• **REQUIREMENT**:
Keep only the lines from the top of the listing through the one with "3548 Drake Road", and reproduce them unaltered.

• **SUPPLIED MATERIAL**:
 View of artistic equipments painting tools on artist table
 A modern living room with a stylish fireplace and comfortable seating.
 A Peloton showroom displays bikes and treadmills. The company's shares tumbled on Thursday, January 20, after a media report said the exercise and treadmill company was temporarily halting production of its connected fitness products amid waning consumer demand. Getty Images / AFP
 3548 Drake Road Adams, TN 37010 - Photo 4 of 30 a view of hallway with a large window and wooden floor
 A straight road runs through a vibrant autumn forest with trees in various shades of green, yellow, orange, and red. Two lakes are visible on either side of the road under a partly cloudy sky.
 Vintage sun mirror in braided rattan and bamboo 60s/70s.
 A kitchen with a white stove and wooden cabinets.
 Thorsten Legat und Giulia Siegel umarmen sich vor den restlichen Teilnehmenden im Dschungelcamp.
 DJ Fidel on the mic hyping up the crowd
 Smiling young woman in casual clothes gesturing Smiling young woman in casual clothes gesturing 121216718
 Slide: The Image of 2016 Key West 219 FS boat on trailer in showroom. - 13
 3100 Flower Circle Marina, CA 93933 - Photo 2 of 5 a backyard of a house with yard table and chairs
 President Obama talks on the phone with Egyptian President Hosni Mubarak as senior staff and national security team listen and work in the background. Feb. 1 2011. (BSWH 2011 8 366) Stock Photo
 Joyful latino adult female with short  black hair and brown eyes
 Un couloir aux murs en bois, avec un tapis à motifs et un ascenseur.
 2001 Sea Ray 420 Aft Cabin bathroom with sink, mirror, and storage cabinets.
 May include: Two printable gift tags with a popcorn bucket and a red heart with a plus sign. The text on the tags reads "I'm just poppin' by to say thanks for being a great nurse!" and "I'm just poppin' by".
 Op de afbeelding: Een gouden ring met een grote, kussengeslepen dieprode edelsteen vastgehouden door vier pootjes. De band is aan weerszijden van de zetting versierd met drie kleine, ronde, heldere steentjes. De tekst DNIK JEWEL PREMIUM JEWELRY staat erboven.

• **SOLUTION FOR THIS PROBLEM**:
 View of artistic equipments painting tools on artist table
 A modern living room with a stylish fireplace and comfortable seating.
 A Peloton showroom displays bikes and treadmills. The company's shares tumbled on Thursday, January 20, after a media report said the exercise and treadmill company was temporarily halting production of its connected fitness products amid waning consumer demand. Getty Images / AFP
 3548 Drake Road Adams, TN 37010 - Photo 4 of 30 a view of hallway with a large window and wooden floor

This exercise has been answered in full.